Another consumer-price index, another big market move.
U.S. stocks mounted a remarkable turnaround on Thursday with the Dow Jones Industrial Average surging nearly 1,500 points from peak to trough, after a sharp selloff early in session sparked by hotter-than-expected U.S. inflation data.
The consumer-price index increased 0.4% in September, higher than the 0.3% consensus forecast polled by Dow Jones, according to the Bureau of Labor Statistics. Excluding volatile food and energy prices, the core CPI is even more worrisome, jumping a sharp 0.6% against the estimate of a 0.4% increase.
“They’re just not good news,” said Chris Campbell, chief policy strategist at Kroll. “What they (Federal Reserve) have done has not yet worked, so they brought out the big guns by raising interest rates, and more of the smaller guns by instituting quantitative tightening, but even those two together have not borne fruit.”
The hotter-than-expected inflation report sent three stock indexes tumbling early in the session with the S&P 500
plunging 2.4% to its lowest level since November 2020, but the large-cap index finished 2.6% higher led by gains in energy and financials stocks, a swing of over 5% in total. It was also the first time on record that the Dow has risen at least 800 points in the same trading day that it was down at least 500 points at its low, according to Dow Jones Market Data.
Michael Landsberg, chief investment officer at Landsberg Bennett Private Wealth, said what happened to stocks this morning was just a “knee-jerk reaction” and “you (stock market) are going to have to bounce here, but the trend is lower.”

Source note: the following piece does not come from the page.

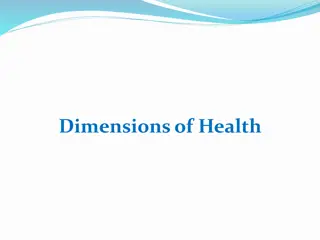 Understanding the Dimensions of Health: Physical, Social, Mental, Spiritual, Emotional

Hot inflation readings have been responsible for some of the biggest declines for the S&P 500 occurring on or around CPI reporting days in 2022. Two of the S&P 500’s nine largest down days this year have come on days when CPI data was released, noted Nicholas Colas,co-founder of DataTrek Research. Without those nine down days, the S&P 500 would have been up 8.6% year-to-date through the end of last week, he wrote.
Why is the CPI data so moving?
The Federal Reserve has made getting a grip on inflation its objective.
“The Fed is to become more aggressive in their stance and those aggressive moves have a significant impact on the economy and (on) public and private markets and what everyday Americans probably live their lives,” said Campbell. “Slowing down the economy, there might be slowing down inflation and [that] also typically comes with a reduction in jobs. It comes with a decrease in wages. All of those issues deeply impact many hard working Americans.”
According to the CME Group’s FedWatch tool, as of Thursday afternoon, market participants priced in 96.6% odds of another 75 basis point hike at the Fed’s Nov. 1-2 meeting, and a 3.4% probability that the Fed will increase rates by 100 basis points.
Landsberg said the reason behind selloffs on CPI reporting days isn’t down to just the inflation data itself, but the fact that when investors see disappointing report, it tells them that the Fed is not stopping anytime.
“We don’t really have inflation coming down meaningfully in the middle of next year,” Landsberg said, killing the notion the Fed is set to pivot away from its aggressive tightening pace.
The Dow Jones Industrial Average
rose 2.8%, posting the largest one day percentage gain since Nov. 9, 2020, after dropping nearly 550 points at its session low. The Nasdaq Composite climbed 2.2%.